| Task to carry out |
Output exactly, and only, the lines below from the one with "Used Skoda Octavia" down to the one with "Procesja Bożego Ciała". Include both end lines and no pictures.

| Supplied data |
+ + +
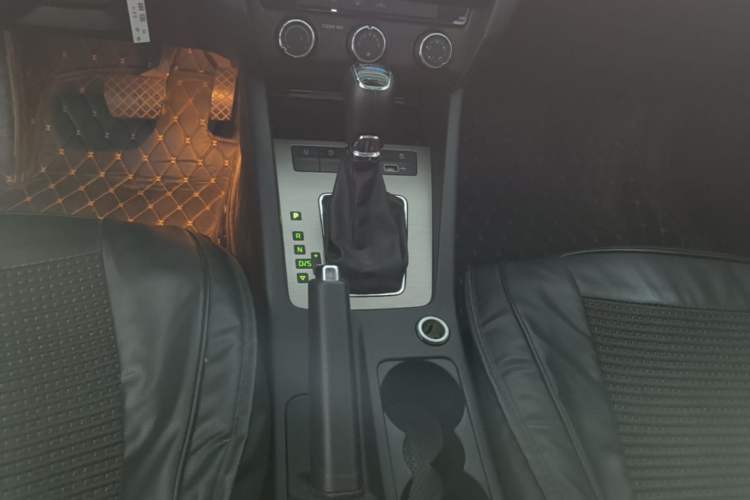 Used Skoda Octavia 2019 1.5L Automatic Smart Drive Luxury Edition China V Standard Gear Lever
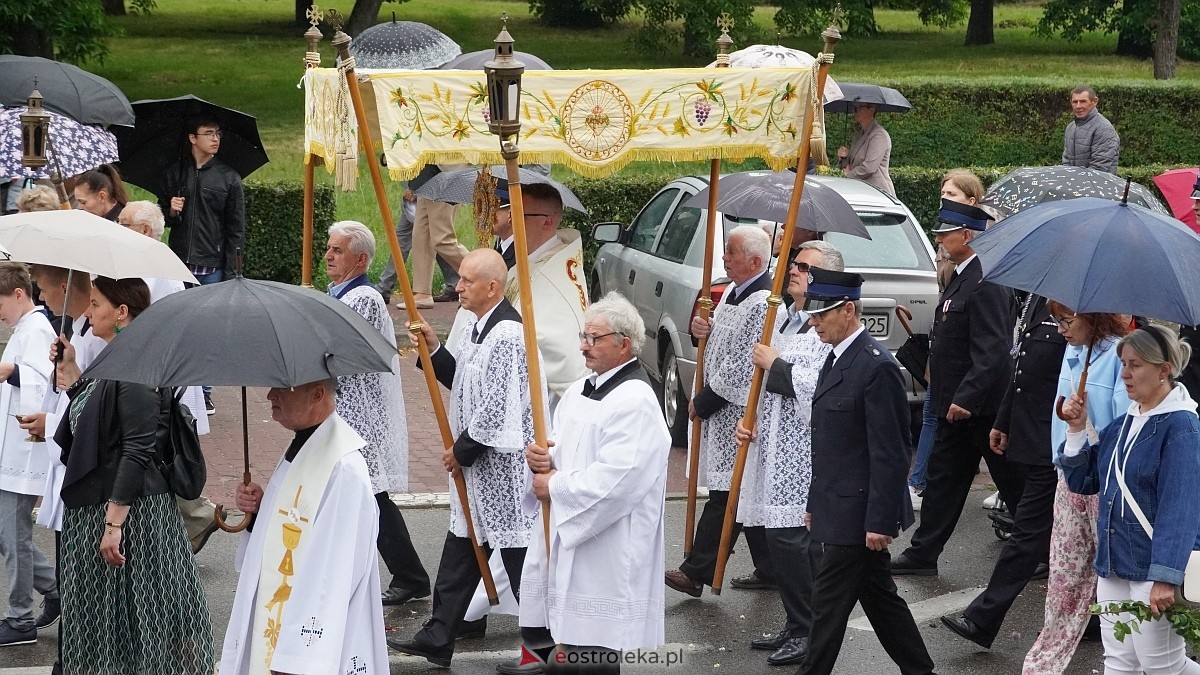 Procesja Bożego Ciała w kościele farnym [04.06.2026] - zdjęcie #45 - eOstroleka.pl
+ + +
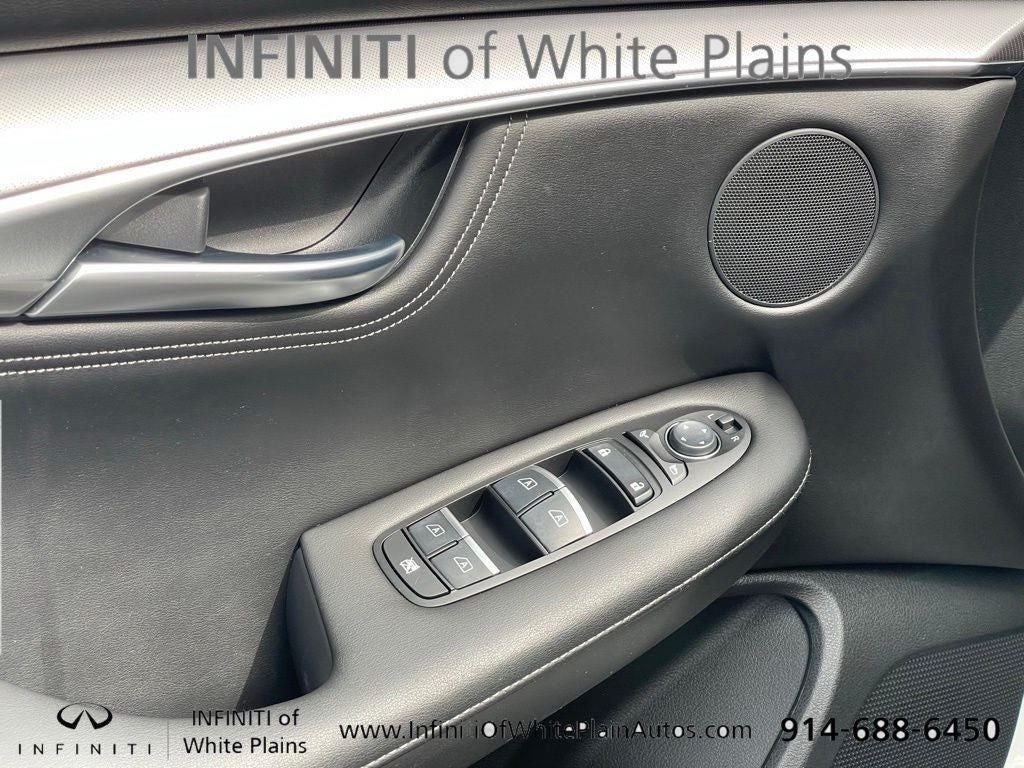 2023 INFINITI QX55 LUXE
+ + +
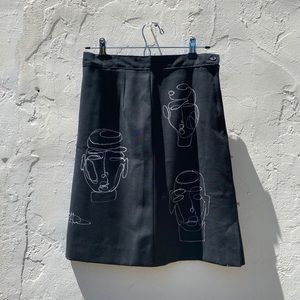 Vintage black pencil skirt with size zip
+ + +
| Response to this exercise |
 Used Skoda Octavia 2019 1.5L Automatic Smart Drive Luxury Edition China V Standard Gear Lever
 Procesja Bożego Ciała w kościele farnym [04.06.2026] - zdjęcie #45 - eOstroleka.pl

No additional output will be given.